An ICO will pay you to apply for a certification. You will then spend many hours thoroughly reviewing everything about them in order to determine that they're at least basically sane. Some things that you should maybe check:

 - If they're planning on creating software, require that they have the software already 5% done, preferably with a working proof-of-concept that you can play around with. Check that they haven't just filled a github repo with copy-pasted garbage code from elsewhere which doesn't actually do anything relevant.
 - If they're planning on operating a real-world business (solar, mining, etc.), check that they have a registered business somewhere. Do a background check on all involved individuals. Require that they have some of the necessary assets (property, etc.) already purchased, and verify this using public records, etc.
 - Check that there are no reasonable open scam accusations against anyone involved.
 - If smart contracts are used, verify that the English terms match the smart contract terms. If there's any way for the smart contract terms to be changed, make sure that this is specified in the English terms.
 - After reading all of their public info, ensure that there is no deception or any glaring holes.
 - Check their website for copy-pasted text, photoshopped images, and fake people.

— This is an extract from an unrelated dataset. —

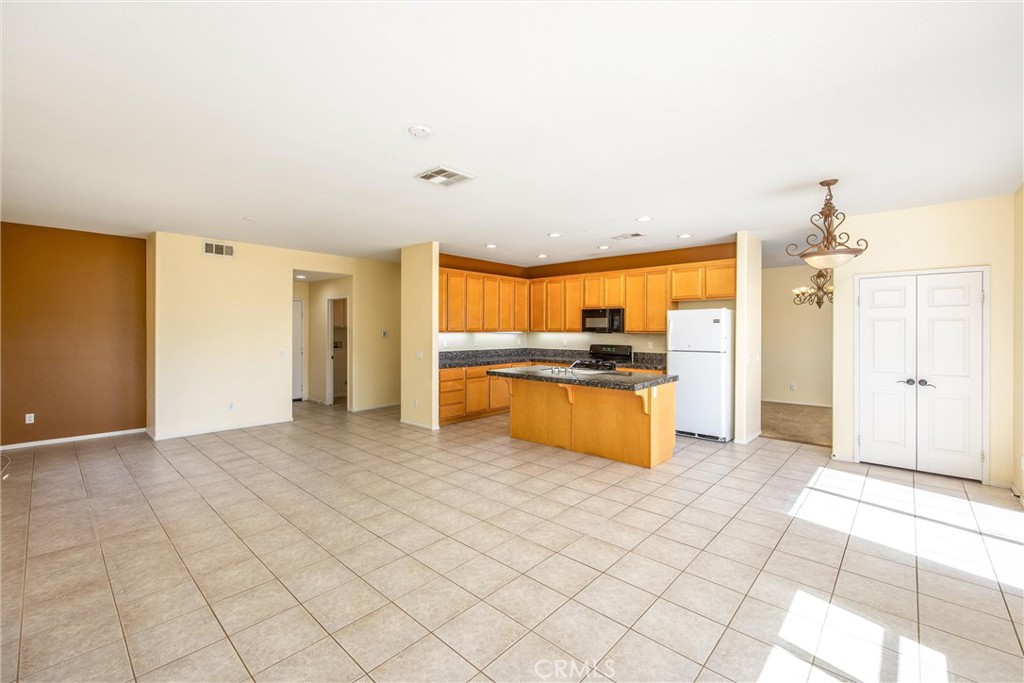 1570 Thunderbird Property Photo 19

If they fail your criteria, then you should not certify them. That's important. If you just give a certification to everyone who pays you, you're useless. You should keep the application fee even if they fail, though in some cases you could allow them to reapply for certification after failing with a reduced fee. Your goal should be to eventually be able to publish a statistic like, "99% of ICOs I certified did not turn out to be scams." You should not attempt to certify that ICOs will actually appreciate in value or anything -- that'd be far too difficult --, but just that the collected money will be used as advertised.

Once I notice that a good, trustworthy certification service like this exists, I will require that ICOs wanting to advertise on the forum receive such a certification. (If/when there are multiple good certification services, I will publish a list of ones I consider acceptable.) So you'll get a built-in market from this, and even if an ICO has no interest in advertising on the forum, acquiring a widely-trusted certification has significant value in itself.